Непосредственным стимулом для пробуждения активности широких буржуазных кругов третьего сословия послужил призыв Людовика XVI присылать правительству меморандумы, предложения, записки о принципах созыва и порядке проведения Генеральных штатов. 5 июля 1788 г., день обнародования постановления о созыве Генеральных штатов, – рубеж, с которого началась невиданная ранее пропагандистская кампания. Свобода печати знаменовала собой первый шаг на пути к получению гражданских прав образованными членами третьего сословия. Отныне любое политическое событие порождало самые разноречивые отклики в тысячах брошюр, листовок, памфлетов. Люди объединялись для того, чтобы сформулировать коллективное мнение по тому или иному вопросу. Гражданское общество быстро революционизировалось.

Пристальное внимание в Париже и провинции вызвало королевское решение о проведении в декабре 1788 г. второй ассамблеи нотаблей, на которой они должны были высказать свои соображения о механизме выборов в Генеральные штаты. Озабоченные тем, что их интересы некому будет отстаивать в Генеральных штатах, деловые люди в прошениях на высочайшее имя в верноподданической форме, по настойчиво просили о включении представителей торговых палат и консульских присутствий (выборных арбитражных судов по торговым и промышленным вопросам) в число депутатов. Торговцы и промышленники Монтобана выражали беспокойство, что на ассамблеях нотаблей третье сословие представляли только мэры крупных городов: мэры, чаще всего бывшие магистраты или военные, «вряд ли смогут удовлетворительно судить о проблемах торговли и политической экономии своих провинций», – писали они{148}.

В конце февраля 1789 г. начались собрания по выборам депутатов в Генеральные штаты и по составлению наказов. Согласно королевскому регламенту, правом голоса обладал всякий француз, достигший 25 лет и внесенный в податные списки, так что подавляющее большинство мужского населения страны имело возможность принять участие в выборах.

Весть о созыве Генеральных штатов дошла до самых глухих деревушек Франции. Во всех селениях были расклеены афиши с указом Людовика, объявлявшего, что он нуждается в содействии своих подданных для выяснения истинного положения вещей в королевстве, для устранения злоупотреблений и финансовых трудностей. Воззвание короля к народу читалось священниками во всех церквах.

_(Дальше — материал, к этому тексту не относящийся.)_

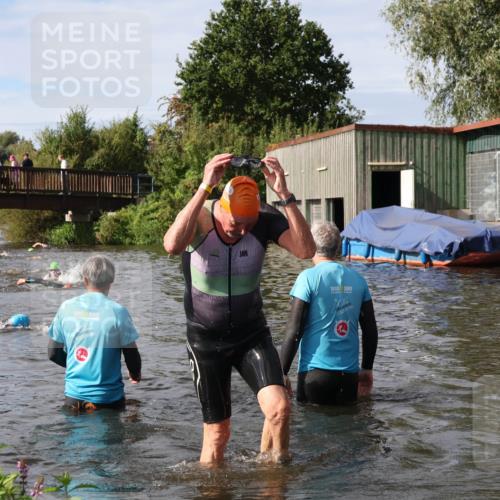31.08.2025 - Elbe Triathlon Hamburg Luisa Fischer http://msf.ph/oto/8684824 31.08.2025 10:31:31 Schwimmen 1344 meine-sportfotos.de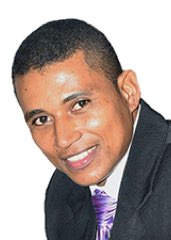 ROSALVO SANTOS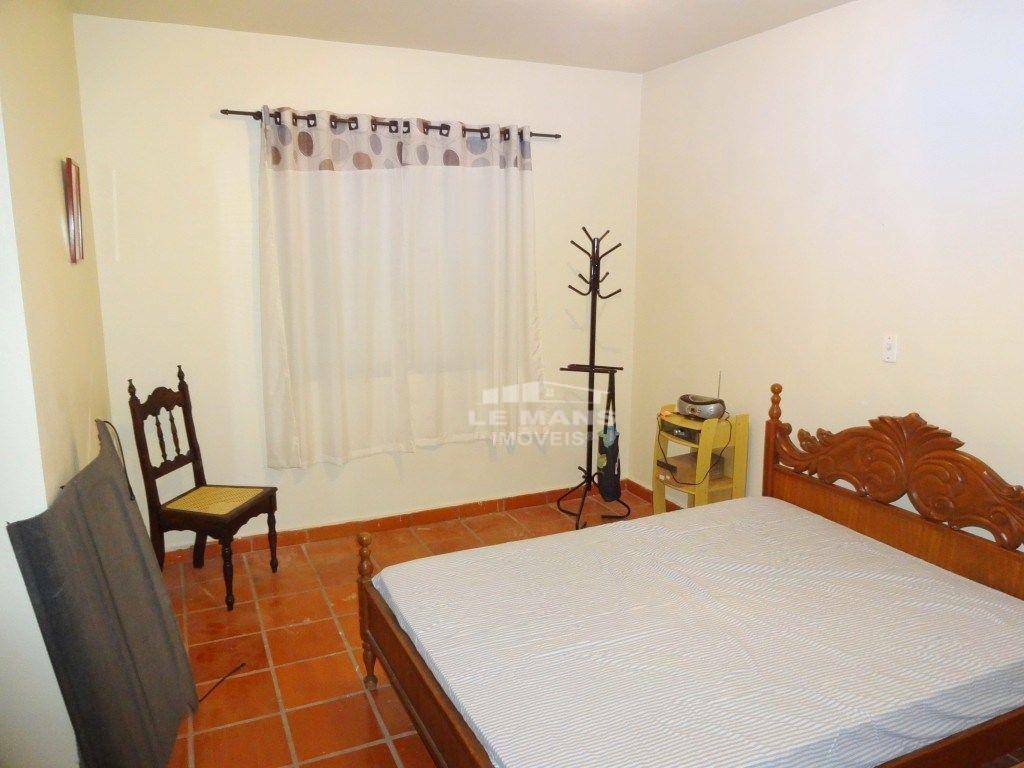 Chácara à venda com 3 quartos, 279m² - Foto 13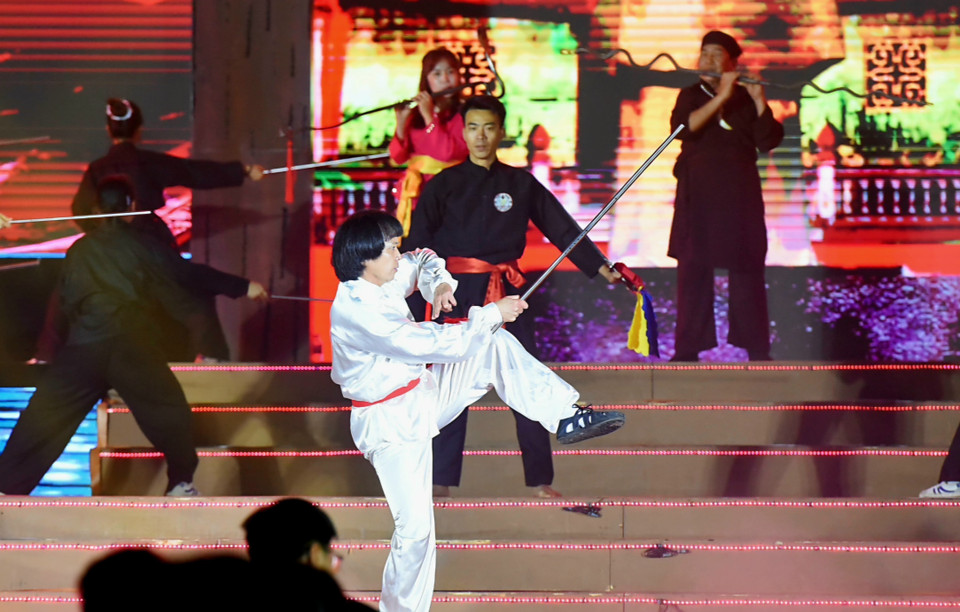 Мастер боевых искусств демонстрирует технику боевой свирели (Фото: ВИА)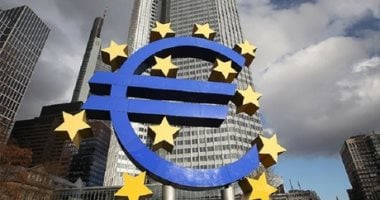 التضخم يشتعل في منطقة اليورو والمركزي الأوروبي تحت ضغط لرفع الفائدة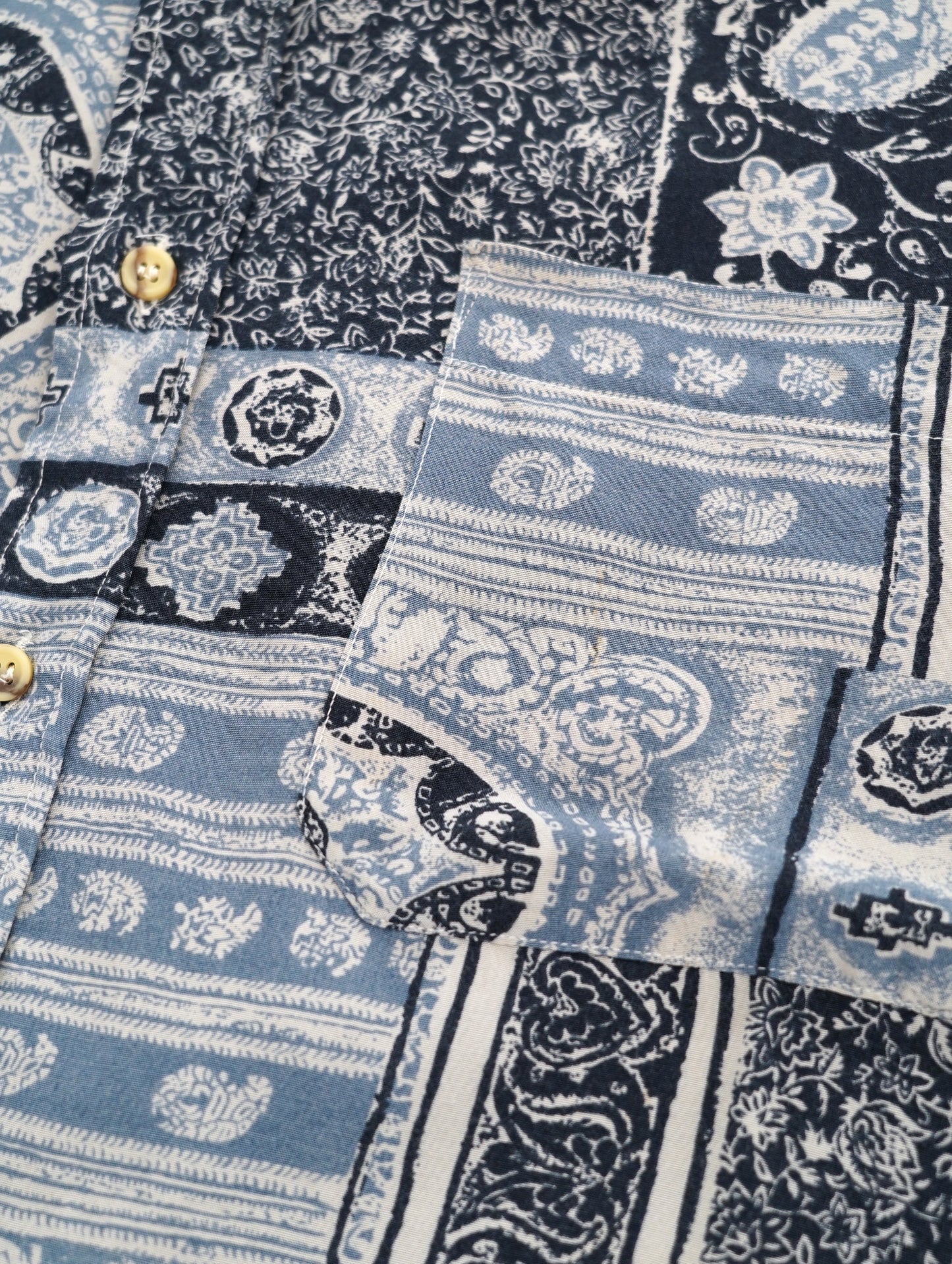 80-90s paisley shirt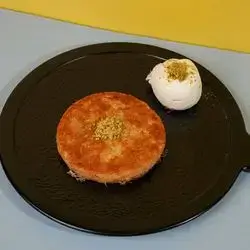Kunafa With Ice Cream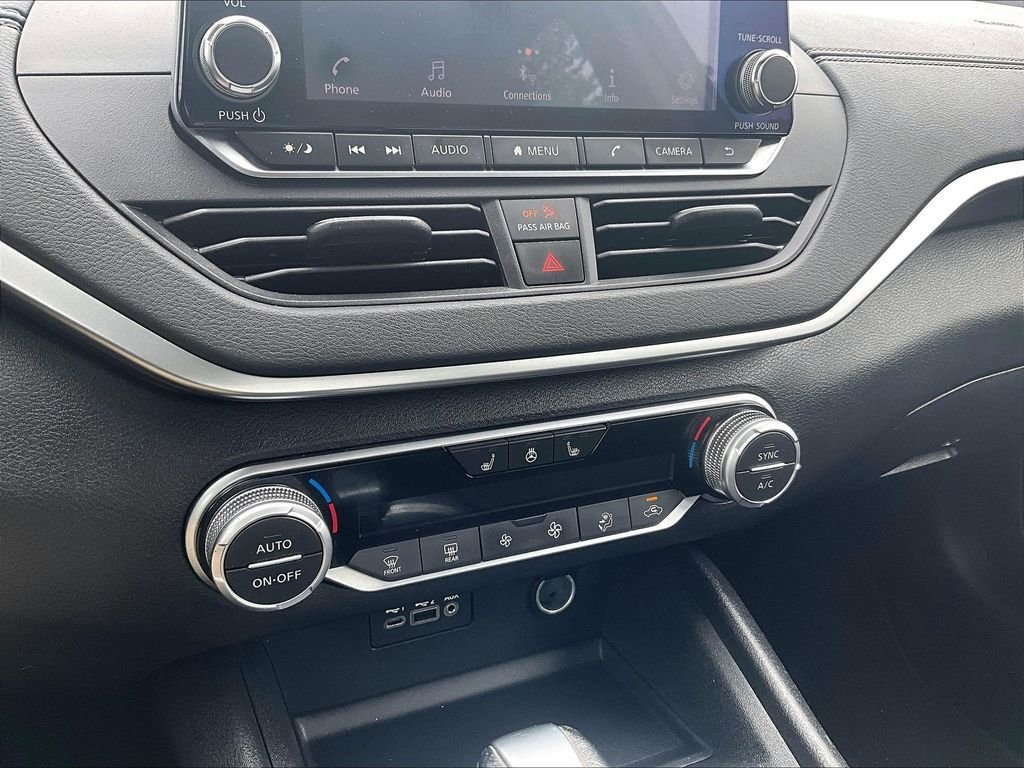 Used 2019 Gray Nissan 2.5 SV image 26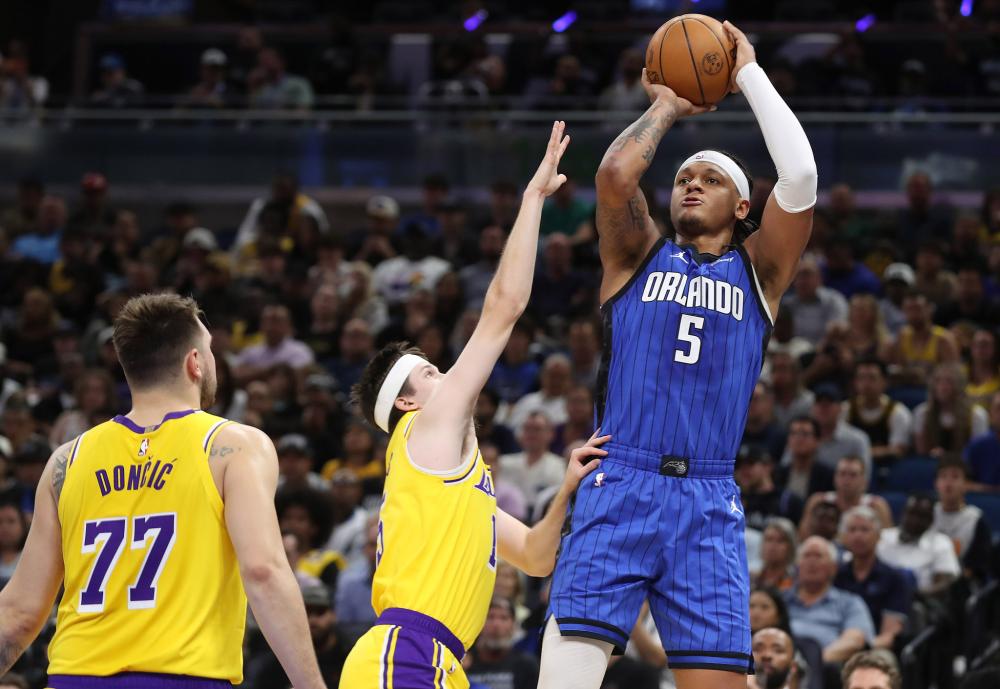 面对严格的 面对严格的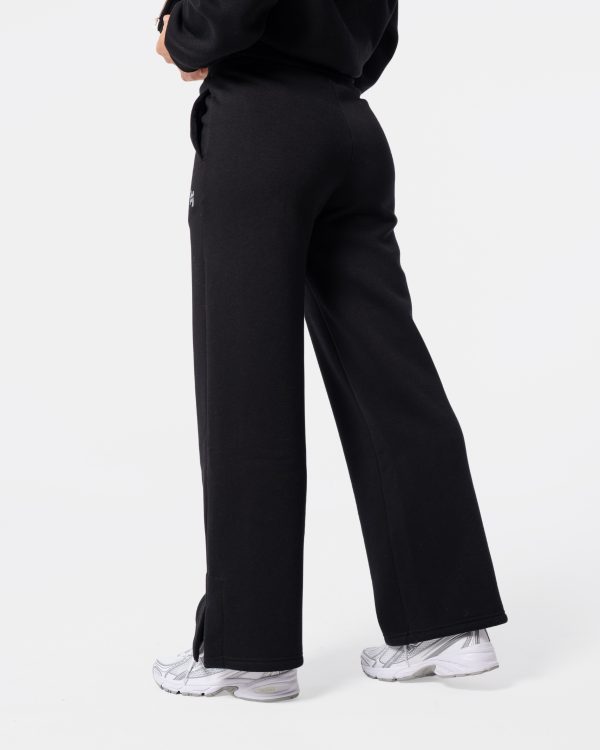 spodnie damskie dzwony. spodnie dresowe z szerokimi nogawkami w kolorze czarnym.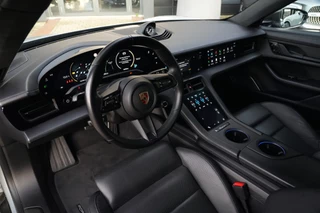 Porsche Taycan – thumbnail 14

За исключением бездомных и бесхозных бедняков, все крестьяне допускались на первичные собрания по выборам делегатов и составлению наказов. Правда, для третьего сословия были установлены многоступенчатые выборы со сложной системой отбора делегатов в Генеральные штаты. У дворян выборы были прямыми, у духовенства – для одной части прямыми, для другой двухступенчатыми. Администрация на местах, не имея прямых указаний сверху, руководила выборами на свой страх и риск. Более или менее единодушно отсекали городских бедняков: рабочих, подмастерьев, поденщиков. Особенно жестко эта политика проводилась в Париже. Регламент, устанавливавший порядок выборов в столице, гласил, что из членов третьего сословия к участию в первичных собраниях допускались полноправные члены ремесленных цехов и торговых гильдий, лица, занимавшие государственную должность либо имевшие университетскую степень, а также все уплачивавшие подушную подать в размере не менее 6 ливров в год. Лишь в Марселе, Труа, Реймсе подмастерья нескольких профессий провели собрания, составили наказы и избрали делегатов на ассамблеи второй ступени.

Не обошлось и без эксцессов. В Реймсе получили право собраться лишь плотники и кровельщики; ткачи, рабочие самой массовой в городе профессии, были лишены такой возможности. 11 и 12 марта в Реймсе произошел бунт. Толпа рабочих разгромила хлебный склад, несколько пивоварен, бакалейных лавок и харчевен, затем ворвалась в зал, где заседали выборщики. Бунтовщики возмущались, что рабочие не будут представлены в Генеральных штатах{149}. В Руане, как сообщала анонимная брошюра, в дни заседаний выборщиков у городских ворот собралась толпа, которая одобрила список требований и пожеланий, выброшенных из официального сводного наказа третьего сословия Руана и округи{150}.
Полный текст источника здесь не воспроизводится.